The results of Assembly elections in five states, which were considered as a run-up to the general elections 2014, are out. Political pundits in the media glare may have different interpretations of the results but the verdict in key states have broken the established myths of Indian politics.
The first myth is that State elections are fought only on local issues. One undisputed explanation of the poll verdict is that voters have clearly and strongly registered their anger against the Congress-led UPA government. The corollary is the absolute rejection of the Congress culture symbolising corruption, nepotism, dynastic rule, factional politics and indecisiveness.
Votes can be garnered by throwing popular programmes in the last phase of the term is another negated myth in these elections. With Central assistance, Congress governments in Delhi and Rajasthan poured in money in the name of welfare schemes, but people refused to sell their votes for this gimmick. This can be an indicator of plugging the loopholes in populist programmes which is the main source of corruption in Congress culture.
Another point on which, the so-called secular minds were harping on was ‘BJP looses where Modi campaigns’. The remarkable victory in 70 per cent seats that went for polls, where Shri Modi held 170 public meetings, will certainly make them think twice on this issue. Rajasthan victory for BJP was certain but winning three forth of the seats is a definite Modi effect. Shivraj Singh and Raman Singh both were facing anti-incumbencies of two terms. BJP improved its tally in Madhya Pradesh and retained the seats in the Naxal-ridden State of Chhattisgarh.

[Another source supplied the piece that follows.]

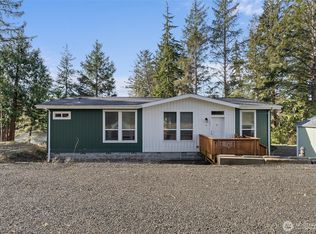 4 Lakeview Ln, Bay Center, WA 98527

The outcome in the areas where Modi campaigned are decisively favourable to the BJP. In the process, after Gujarat, both the states from Central India have proved that good governance and credible leadership can create pro-incumbency.
Political pundits considered BSP voters as the most loyal and silent. Contrary to this perception, in all the states, BSP was the substantial loser and both the national parties gained out of it. So no voter can be taken for granted, is another message of these elections.
The emergence of AAP has broken many myths of Indian politics. There was a precedence of building a new party in 9 months time by NT Rama Rao in Andhra Pradesh but party coming out of a movement and making spectacular show in 8 months time is unprecedented. Volunteerism, instead of nepotism, is back in Indian politics. Obviously, the myth of ‘political legacy to be successful in politics’ nurtured in the Congress culture is also shaken. Barring the credible candidates with inheritance, most of the dynastic heirs were defeated.
Electioneering requires lot of money and only rich people can fight elections has been the common perception in the last few decades. The corollary assumption was that traditional methods of campaigning are outdated. AAP combined conventional methods of public contact with the virtual campaign. The presence of ordinary young candidates in the political fray was also a welcome change. Elections still can be fought on issues and party lines, instead of only money and muscle power or caste and communal lines, is also reiterated.
If these broken myths stay on the India’s political scene, then illusions of the Congress that it is the natural party of governance and the only party with national presence will be broken once and for all in the coming general elections.